Elévation ouest, premier niveau. Porte du logis et baie boutiquière ayant un piédroit commun.
Elévation ouest, premier niveau. Porte du logis, menuiserie moulurée et imposte vitrée en menuiserie.
Au second niveau de l'élévation ouest, les encadrements des fenêtres sont façonnés au mortier, avec un appui saillant mouluré en ciment. Elles sont équipées de contrevents à planches croisées. Sur la façade est, les encadrements des fenêtres sont également en pierre de taille de grès mais avec une finition layée et un couvrement en arc segmentaire. La fenêtre du dernier niveau est équipée de contrevents à planches croisées. Au troisième niveau de cette élévation, l'encadrement de la large porte-fenêtre est façonné au mortier. Le balcon, peu saillant, est entièrement bâti en épaisses dalles de grès ; il dispose d'un garde-corps en ferronnerie à barreaux droits.
Le toit est à longs pans, avec une couverture en plaques ondulées de fibro-ciment recouvertes de tuiles creuses. Les avant-toits sont constitués de deux rangs de génoise. Ils sont peints, en blanc côté ouest et en jaune côté est.

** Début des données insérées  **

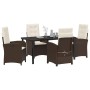Conjunto de Comedor de Jardín 5 pcs Marrón ratán sintético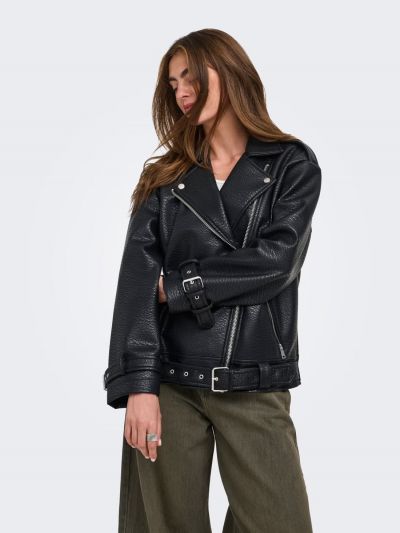 Giubbino ecopelle Only - black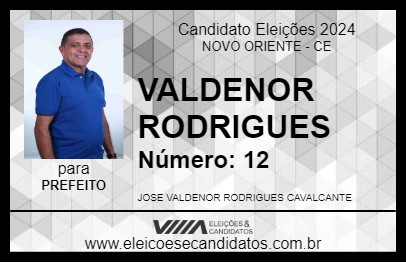 Candidato VALDENOR RODRIGUES 2024 - NOVO ORIENTE - Eleições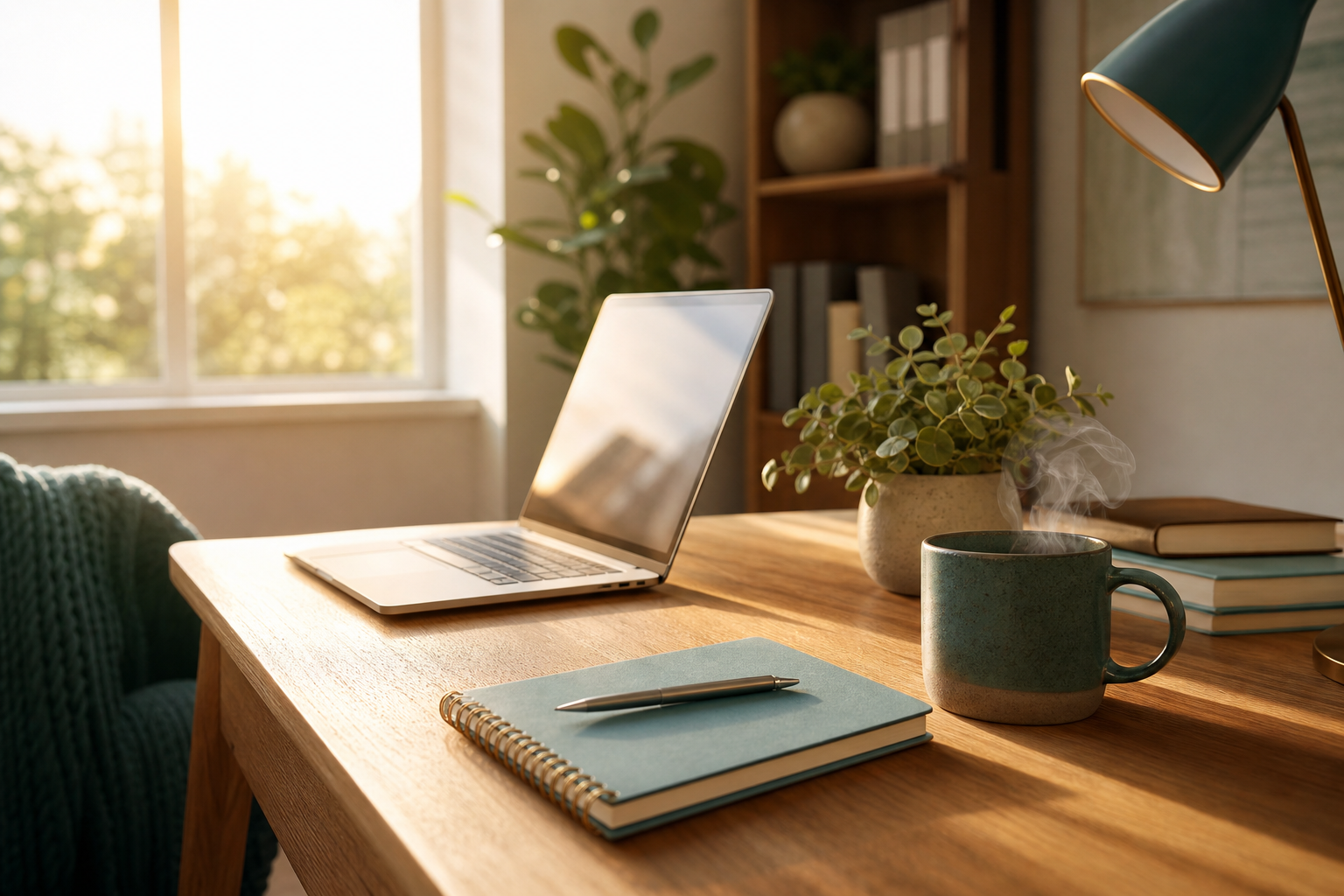 A quiet desk scene with retirement planning materials and morning light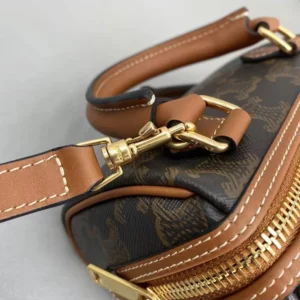 Celine Women Mini Boston in Triomphe Canvas and Calfskin-Tan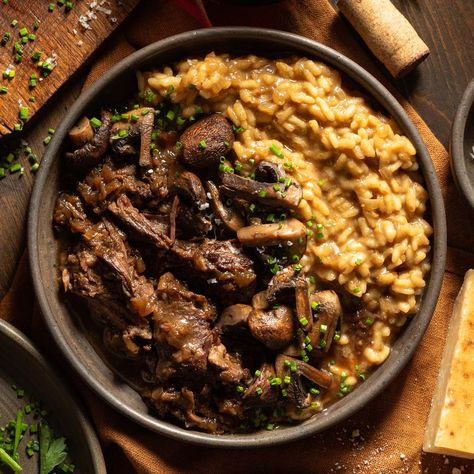 Braised Short Rib Risotto with Mushrooms Short Rib Risotto, Louisiana Red Beans And Rice, Beef And Mushroom Recipe, Louisiana Red Beans, New Orleans Red Beans, Short Rib Sandwich, Parmesan Risotto, Searing Meat, Red Beans And Rice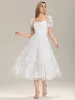 ever THALINA|Elegant Puff Sleeve A-Line Midi Dress sold by Ever Pretty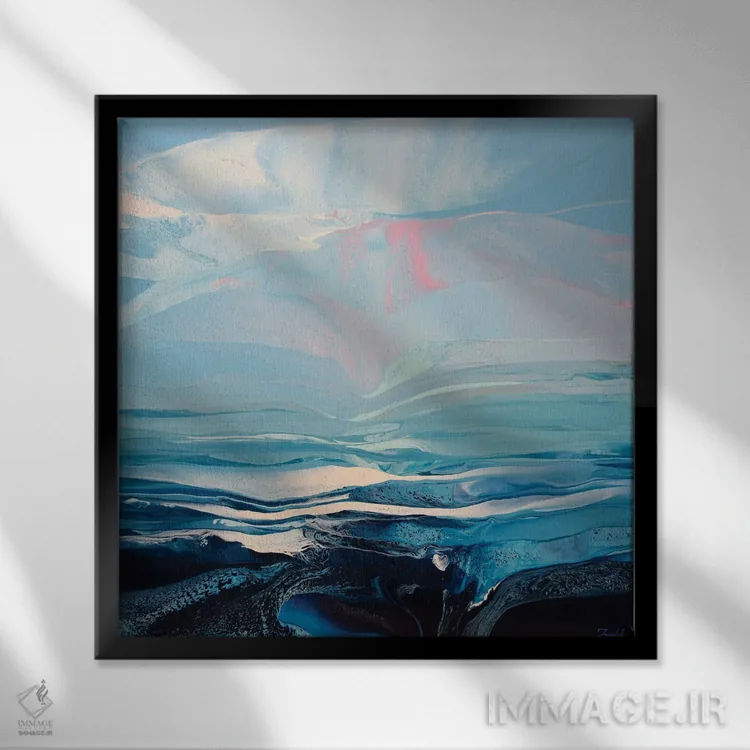 تابلو انتزاعی نور سیال ۳ اثر جیکوب جوگاشویلی - نمای قابدار مشکی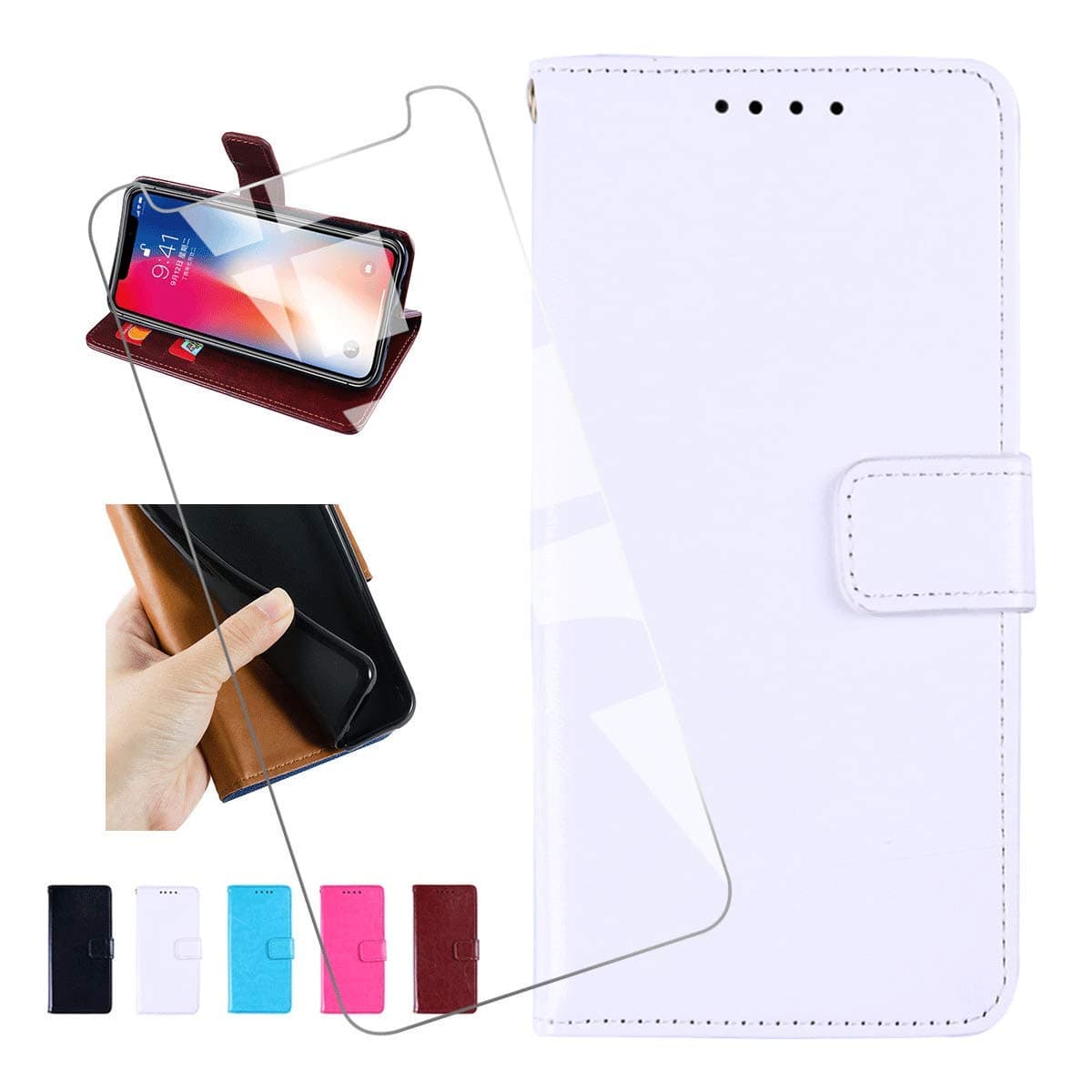 KJYF Wallet Case + Tempered Glass Screen Protector for Nokia 2.3 (6.20"), Flip Shell PU Leather Phone Cover Protective Compatible with for Nokia 2.3 (6.20").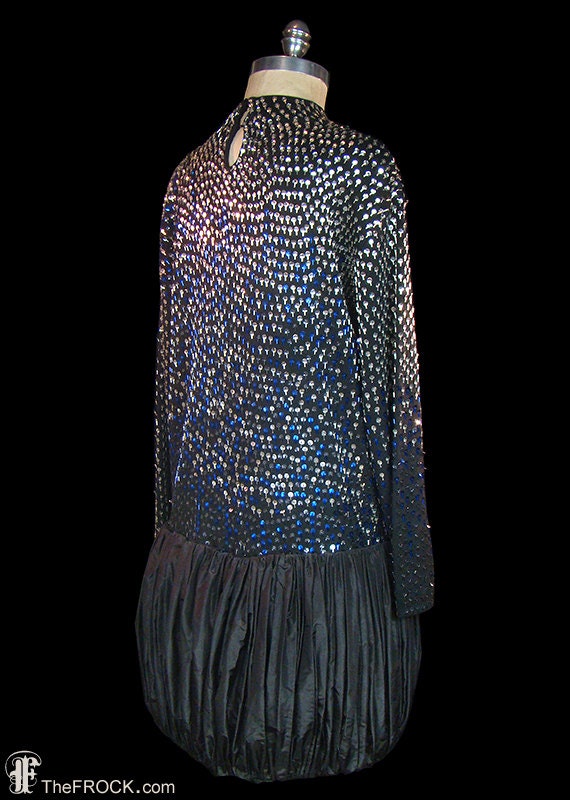 Vintage Yves Saint Laurent blue silver beaded bla… - image 4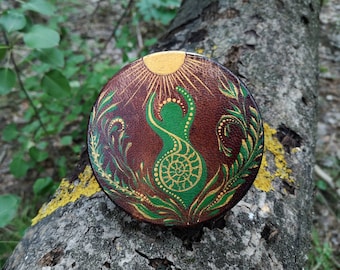 Shamanic rattle.Sun Goddes handpainted Unique leather maracas. Spiritual journey instrument.Meditation helper. Healing sound.Ceremonial tool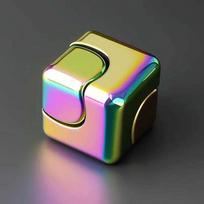 Square Magic Dice Metal Rotate Cube Fidget Spinner Anxiety Calm Down ADHD Anti Stress Toys EDC Cool Gadgets Adults Teens Boys black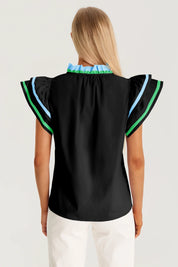 Womens Black Color Block Blouses | Cicy Bell
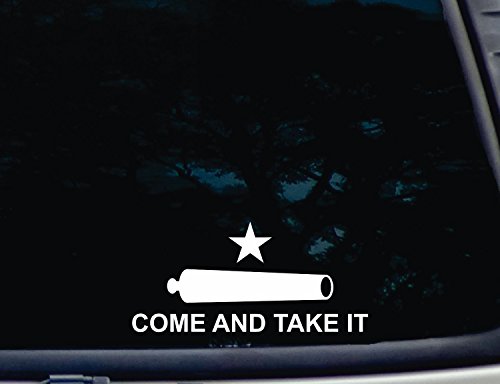 CMI215 Come and Take It Flag Bumper Sticker Vinyl Car Window Decal | White | 7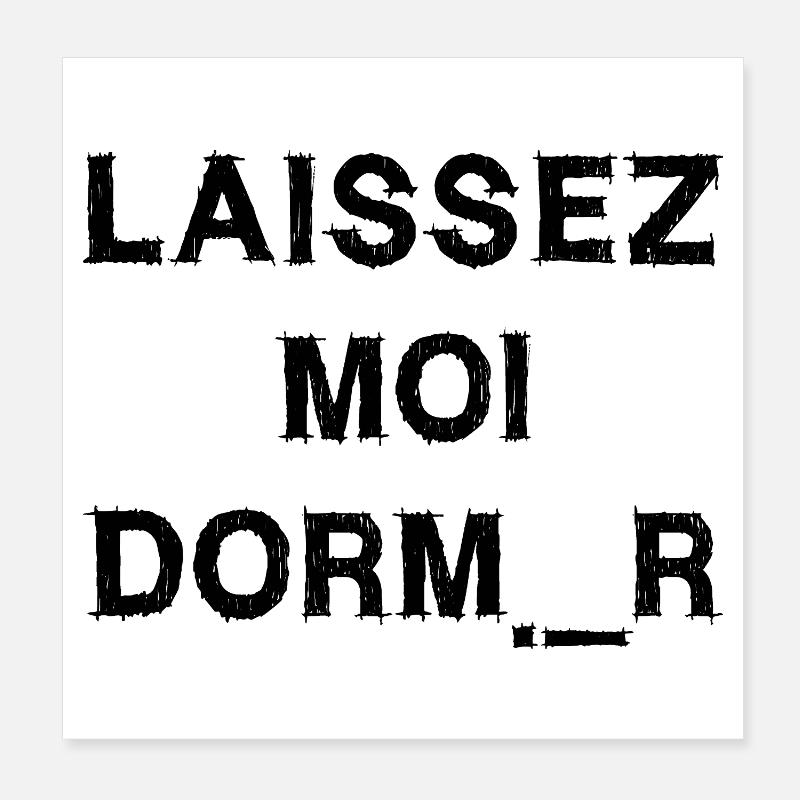 LASS MICH SCHLAFEN! (Schlaf, Nacht, Nickerchen) schwarz Poster 20x20 cm
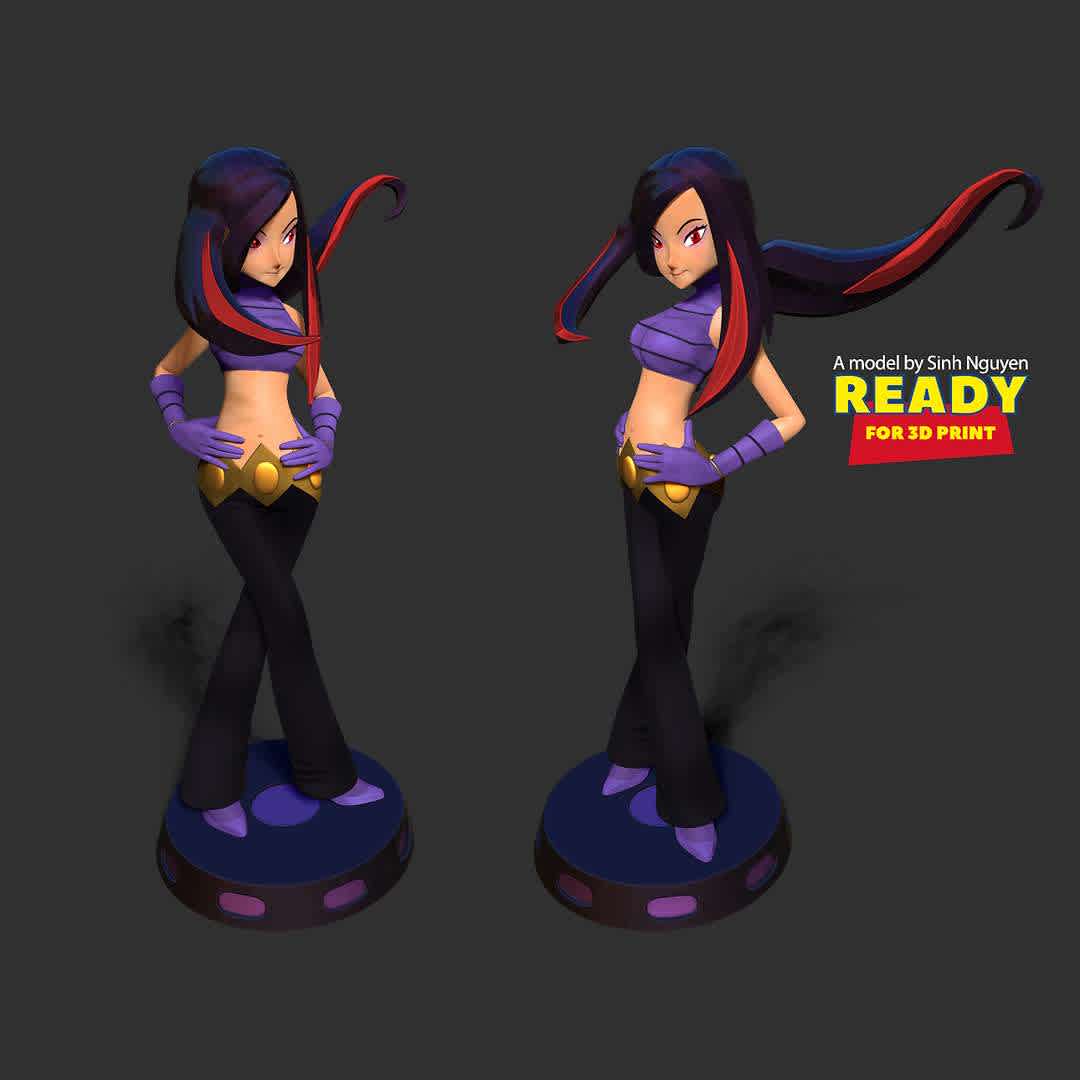 Lucy - Pokemon Master - "Lucy (Japanese: アザミ Azami) is a Pokémon Trainer in Pokémon Masters EX, based on the character of the same name in the core series games."

Basic parameters:

- STL format for 3D printing with 03 discrete objects
- Model height: 30cm
- Version 1.0: Polygons: 1218731 & Vertices: 729603

Model ready for 3D printing.

Please vote positively for me if you find this model useful. - Los mejores archivos para impresión 3D del mundo. Modelos Stl divididos en partes para facilitar la impresión 3D. Todo tipo de personajes, decoración, cosplay, prótesis, piezas. Calidad en impresión 3D. Modelos 3D asequibles. Bajo costo. Compras colectivas de archivos 3D.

Elévation est, troisième niveau. Balcon sur grand monolithe de grès saillant.
Elévation est, quatrième niveau. Fenêtre avec encadrement en arc segmentaire, et avant-toit constitué de deux rangs de génoises peints en jaune.
Elévation ouest, second niveau. Fenêtre avec appui saillant en ciment et décor peint de faux encadrement, occultée par des contrevents en planches croisées.